(EXERCISE REQUIREMENTS) Reproduce every entry below precisely; do not include the pictures.

(Items from a dataset)
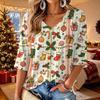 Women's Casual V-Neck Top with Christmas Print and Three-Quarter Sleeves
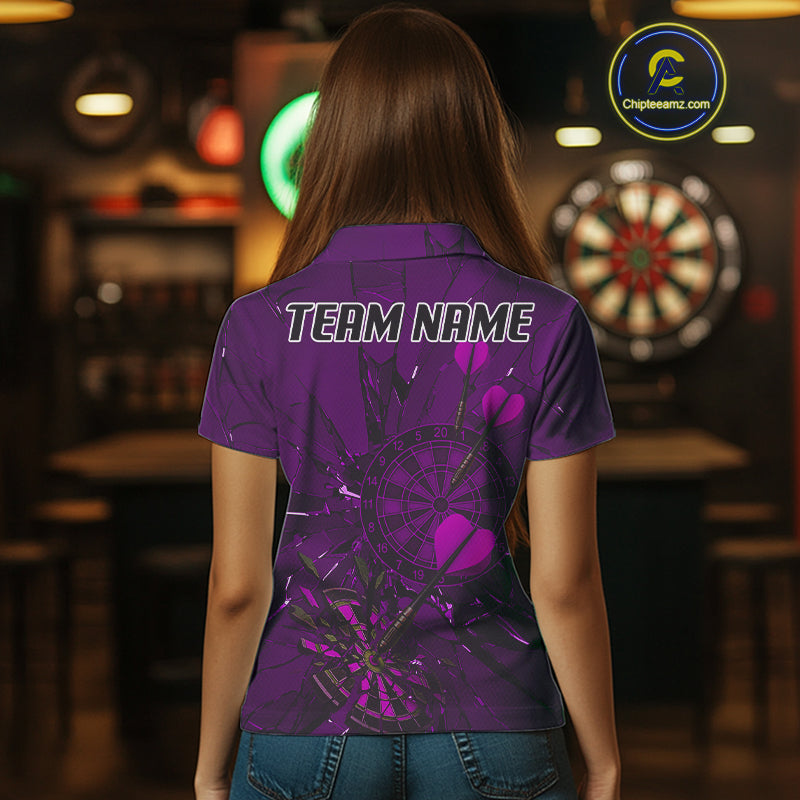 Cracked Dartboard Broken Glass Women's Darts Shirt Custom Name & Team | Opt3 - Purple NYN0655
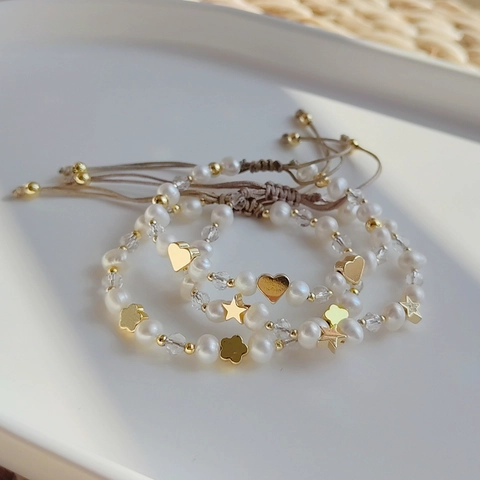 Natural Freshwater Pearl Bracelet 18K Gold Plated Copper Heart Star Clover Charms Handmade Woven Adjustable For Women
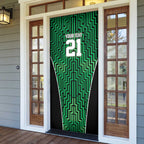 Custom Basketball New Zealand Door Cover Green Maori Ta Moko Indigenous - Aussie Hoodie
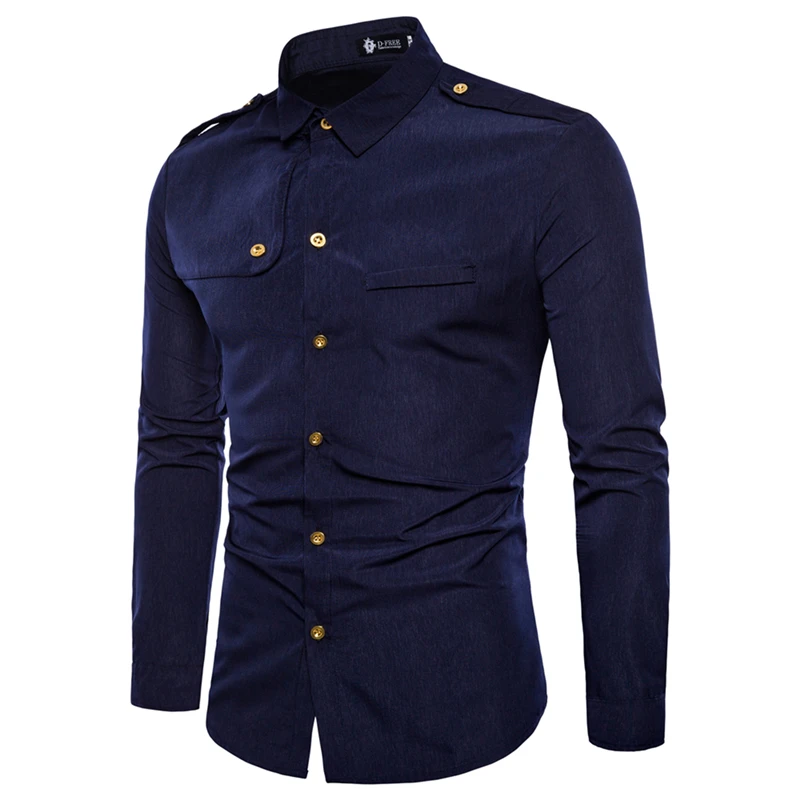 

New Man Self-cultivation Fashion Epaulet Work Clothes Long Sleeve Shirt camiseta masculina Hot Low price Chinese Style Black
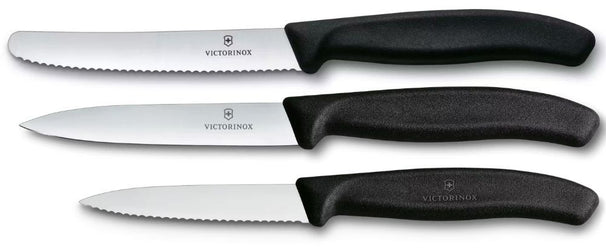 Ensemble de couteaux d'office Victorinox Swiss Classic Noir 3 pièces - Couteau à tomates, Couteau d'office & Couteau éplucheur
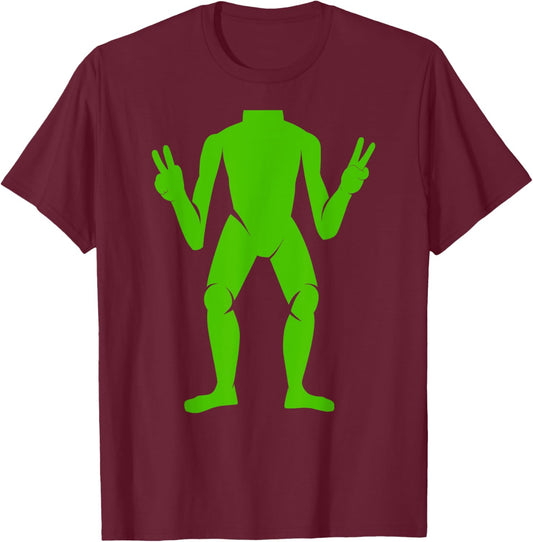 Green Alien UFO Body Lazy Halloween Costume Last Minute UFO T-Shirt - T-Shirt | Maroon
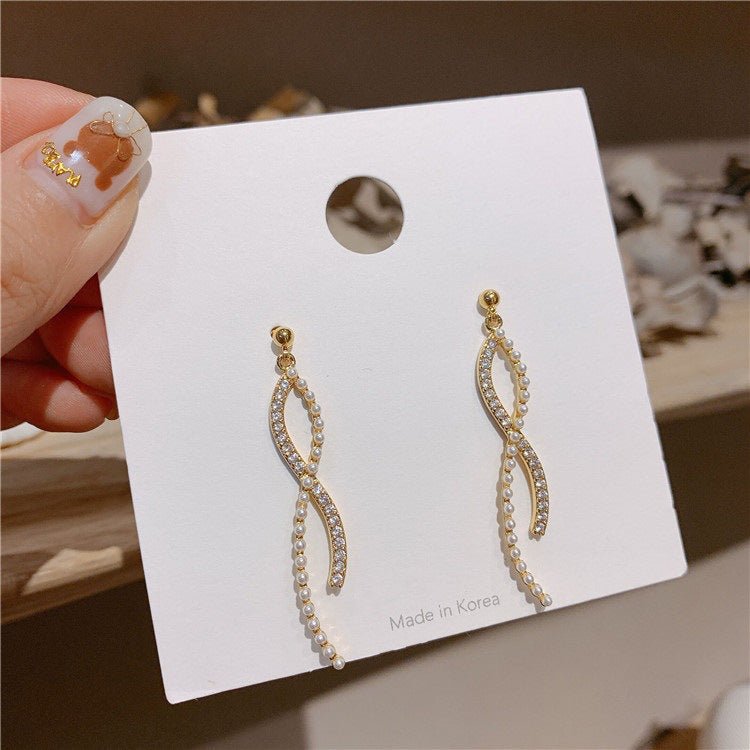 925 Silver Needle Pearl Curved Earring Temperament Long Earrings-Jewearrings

(RESULT OF THE EXERCISE)
 Women's Casual V-Neck Top with Christmas Print and Three-Quarter Sleeves
 Cracked Dartboard Broken Glass Women's Darts Shirt Custom Name & Team | Opt3 - Purple NYN0655
 Natural Freshwater Pearl Bracelet 18K Gold Plated Copper Heart Star Clover Charms Handmade Woven Adjustable For Women
 Custom Basketball New Zealand Door Cover Green Maori Ta Moko Indigenous - Aussie Hoodie

New Man Self-cultivation Fashion Epaulet Work Clothes Long Sleeve Shirt camiseta masculina Hot Low price Chinese Style Black
 Ensemble de couteaux d'office Victorinox Swiss Classic Noir 3 pièces - Couteau à tomates, Couteau d'office & Couteau éplucheur
 Green Alien UFO Body Lazy Halloween Costume Last Minute UFO T-Shirt - T-Shirt | Maroon
 925 Silver Needle Pearl Curved Earring Temperament Long Earrings-Jewearrings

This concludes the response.